Seeds Of Divorce Matrix
Well, talking about relationship fault-lines and preventing the Divorce Matrix vide couples' unions, I once heard this somewhere:
"A Nag Nags
Nag Nagging Nags
And Conflicts Unleash"
Have you heard that before?
Sounds like a song, or a stanza in a poem, doesn't it?
There can be no doubt that it's emanating from a mind that's agitated.
It's probably issuing from somebody who's experiencing or suffering from effects of nagging activities.
I often replayed those lines in my mind, like a mantra right there in front of my mental eye.
I try to achieve better understanding of all the key issues involved in its divorce-prone tunes.
I ask myself:
Can nagging solve a problem?
Does it build or demolish?
Is it a plus or a minus?
Does it bring couples together, or drive them further apart?
What do you make of it?
Let's talk about it.
Lets examine what roles "nagging" plays in fuelling relationship conflicts and how it may trigger separation or divorce.
To that extent, what can be done to turn things around positively?
Join me by means of the following hyperlinked subtopics:
James Adele and Ireti Badmus stand as our hypothetical couple here.
Both of them have been in a committed relationship, formally engaged, and living together for almost a year now.
Every eye is on them to do the needful and tie the nuptial knot.
Family members and close friends in particular, couldn't wait for them to entwine their lives together.
And that's all well and good, except that there's a problem.
No, you guessed wrong.
It's not that there's no love.
This couple can put their lives on the line for each other.
Did you just mention financial bottlenecks?
No, it's also not about money or finances.
James owns a successful law firm, while Ireti is a vibrant CEO and owner of a flourishing shopping center.
Then what's the delay all about?
Well, if truth be told, Ireti is ready to marry James as soon as yesterday BUT she's afraid to because ....
JAMES IS A NAG.
Are you at a loss figuring out what that's got to do with anything?
Wait for this!
Granted, 'Love" is the proverbial lubricant for harmonious relationship and peaceful coexistence.
What then is "nagging" ?
What role does it play within that context?
In interpersonal communication, Nagging is a major relationship fault-line.
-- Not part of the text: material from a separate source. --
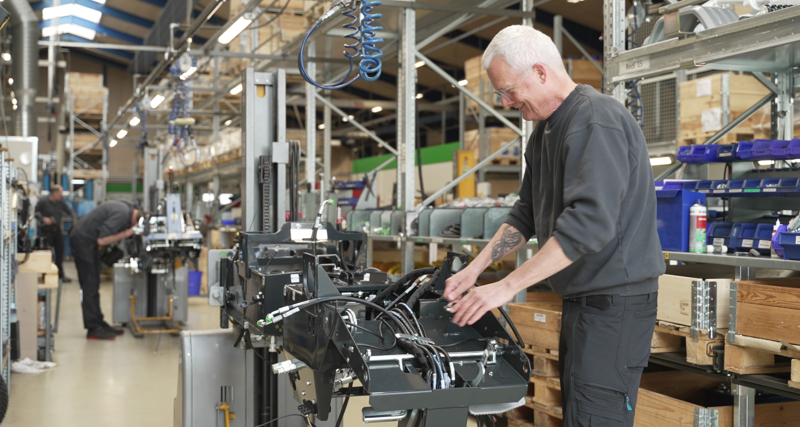 Image from Egholm A/S factory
There's hardly anything positive about it.
It is the nightmare of people involved in committed relationships and clear path to marital annulment.
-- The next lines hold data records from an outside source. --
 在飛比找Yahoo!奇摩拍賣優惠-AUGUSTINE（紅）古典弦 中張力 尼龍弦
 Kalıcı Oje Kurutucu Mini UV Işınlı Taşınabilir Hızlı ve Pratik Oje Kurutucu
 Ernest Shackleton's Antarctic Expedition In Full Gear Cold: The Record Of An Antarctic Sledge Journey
Arguably in every ten cases of divorce, you are likely to find a trigger of "nagging" in at least six or more.
It exhudes a lot of negative energy.
It is an assault on love and a definite demoralizing agent.
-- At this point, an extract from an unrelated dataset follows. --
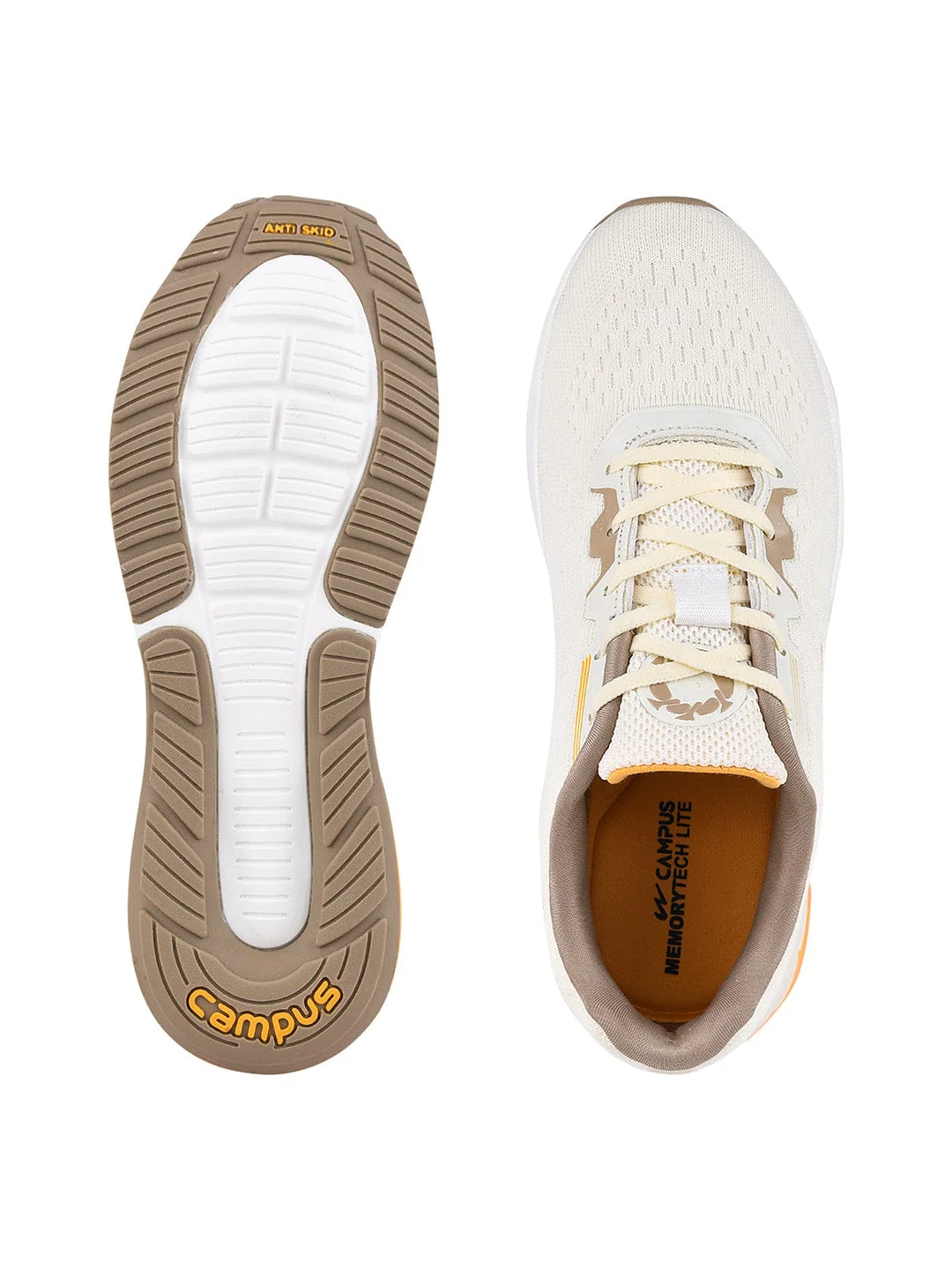 XING Off White Men's Running Shoes - Image 4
Here are some of its most common features:
1. It's Like A Pest:
It's persistently bothering or annoying someone with irritating requests, questions, and complaints.
2. It's Unkind
by being ungrateful, insatiable, and unnecessarily critical
3. It's Badmouthing
by consistently discrediting others or tarnishing someone else's image
4. It's Aloof
and constantly behaving or talking in a condescending manner down on people
5. It's A Die-hard Parrot
which goes on and on hammering on the same issues. Call it repetitive, boringly and annoyingly so even, harping on the same subject
6. Uncompromising
in attitude, talking and behaving in judgmental and condemnatory fashion.
7. Unappreciative,
showing no appreciation for another person's contributions, usually disapproving of their actions without seeing anything good in them.
8. Nitpicking
On one hand this suggests being petty.
On the other hand, it means continuously criticizing another guy on account of small, unimportant and even negligible issues.
9. Whiny
which means one is in the habit or attitude of constantly complaining in high-pitched tones as to be annoying and childish.
10. Bossy
by repeatedly seeking to dominate others, or acting in an overbearing manner
11. Fault-finding
which suggests somebody is always looking for whom to fault or pin blames on
12. Combative
They are constantly aggressive and confrontational
13. Disagreeable
by usually proving to be far from being agreeable and instead frequently argumentative
14. Controlling
and manipulative. They would regularly seek to use guilt or coercion to dominate or dictate the other persons' actions, decisions, or emotions.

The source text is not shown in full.